By clicking “Sign up for GitHub”, you agree to our terms of service and privacy statement. We’ll occasionally send you account related emails.

Already on GitHub? Sign in to your account

phylogenetic: Clade I build failed during filter #283

Closed
joverlee521 opened this issue Oct 30, 2024 · 11 comments · Fixed by #284
Closed

phylogenetic: Clade I build failed during filter #283

joverlee521 opened this issue Oct 30, 2024 · 11 comments · Fixed by #284
Assignees
Labels
bug Something isn't working

Comments

@joverlee521
Copy link
Contributor

joverlee521 commented Oct 30, 2024

Since we've migrated ingest to Nextclade v3 in #281, the clade labels have been updated to include Ia and Ib.

This led to the automated build for Clade I to fail during the filter step

augur filter             --sequences data/sequences.fasta             --metadata data/metadata.tsv             --metadata-id-columns accession             --output-sequences results/clade-i/good_sequences.fasta             --output-metadata results/clade-i/good_metadata.tsv             --exclude defaults/exclude_accessions.txt             --exclude-where clade!=I             --min-date 1900             --min-length 100000             --query "(QC_rare_mutations == 'good' | QC_rare_mutations == 'mediocre')"             --output-log results/clade-i/good_filter.log
        
Note: You did not provide a sequence index, so Augur will generate one.

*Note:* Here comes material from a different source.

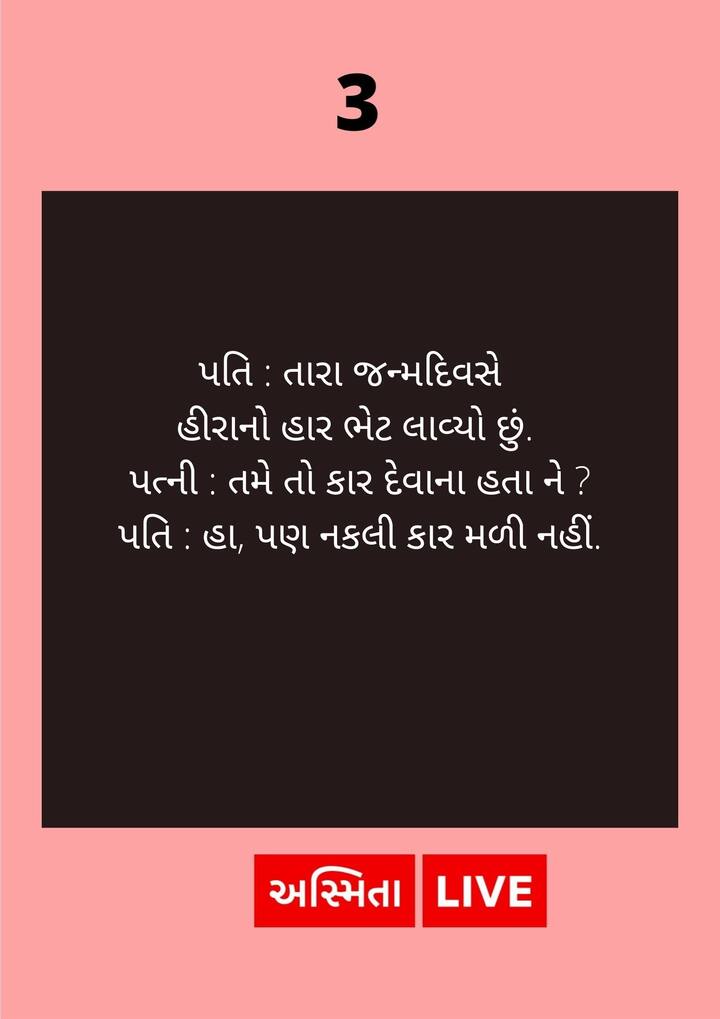 પત્નીનો જન્મદિવસ....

You can generate your own index ahead of time with `augur index` and pass it with `augur filter --sequence-index`.
9051 strains were dropped during filtering
	110 were dropped because they were in defaults/exclude_accessions.txt
	8897 were dropped because of 'clade!=I'
	44 were dropped because they were shorter than the minimum length of 100000bp when only counting standard nucleotide characters A, C, G, or T (case-insensitive)
ERROR: All samples have been dropped! Check filter rules and metadata file format.
@joverlee521 joverlee521 added the bug Something isn't working label Oct 30, 2024
@joverlee521 joverlee521 self-assigned this Oct 30, 2024
@joverlee521
Copy link
Contributor Author

joverlee521 commented Oct 30, 2024

Hrm, I thought this was simple fix of just updating the config with:

diff --git a/phylogenetic/defaults/clade-i/config.yaml b/phylogenetic/defaults/clade-i/config.yaml
index e8ad850..dfda6a8 100644
--- a/phylogenetic/defaults/clade-i/config.yaml
+++ b/phylogenetic/defaults/clade-i/config.yaml
@@ -19,7 +19,7 @@ auspice_name: "mpox_clade-I"
 filter:
   min_date: 1900
   min_length: 100000
-  exclude_where: 'clade!=I'
+  exclude_where: 'clade!=I clade!=Ia clade!=Ib'

However, this doesn't work because of how the augur filter handles multiple values for the --exclude-where option. From augur filter docs:

Exclude samples matching these conditions. Ex: “host=rat” or “host!=rat”. Multiple values are processed as OR (matching any of those specified will be excluded), not AND

@victorlin
Copy link
Member

What about --query 'clade in {"I", "Ia", "Ib"}'?

@joverlee521
Copy link
Contributor Author

Without making changes to the workflow itself, there are two paths forward:

  1. Continue to use the exclude_where config param, but update it to specifically exclude other clades.
diff --git a/phylogenetic/defaults/clade-i/config.yaml b/phylogenetic/defaults/clade-i/config.yaml
index e8ad850..4103fba 100644
--- a/phylogenetic/defaults/clade-i/config.yaml
+++ b/phylogenetic/defaults/clade-i/config.yaml
@@ -19,7 +19,7 @@ auspice_name: "mpox_clade-I"
 filter:
   min_date: 1900
   min_length: 100000
-  exclude_where: 'clade!=I'
+  exclude_where: 'clade=II clade=IIa clade=IIb clade=outgroup clade=""'
  1. Use --query in the subsampling other_filters config param:
diff --git a/phylogenetic/defaults/clade-i/config.yaml b/phylogenetic/defaults/clade-i/config.yaml
index e8ad850..f40e848 100644
--- a/phylogenetic/defaults/clade-i/config.yaml
+++ b/phylogenetic/defaults/clade-i/config.yaml
@@ -19,7 +19,6 @@ auspice_name: "mpox_clade-I"
 filter:
   min_date: 1900
   min_length: 100000
-  exclude_where: 'clade!=I'
 
 
 ### We don't want to subsample, so specify a config which is essentially a no-op
@@ -27,6 +26,7 @@ subsample:
   everything:
     group_by: ""
     sequences_per_group: ""
+    other_filters: "--query \"(clade == 'I' | clade == 'Ia' | clade == 'Ib')\""
 
 ## align
 max_indel: 10000

Option (1) is less change but probably more maintenance since it will need to be updated if there are new clades that need to be excluded. Option (2) is safer in that it will always only include clade I and will only need to be updated if there new children clades of clade I.

@victorlin
Copy link
Member

+1 for Option (2): it's more logically direct for the Clade I build to "include Clade I and subclades", not "exclude all other subclades".

@victorlin
Copy link
Member

Without making changes to the workflow itself

Why not update the workflow to accept a filter.query config?

@joverlee521
Copy link
Contributor Author

Why not update the workflow to accept a filter.query config?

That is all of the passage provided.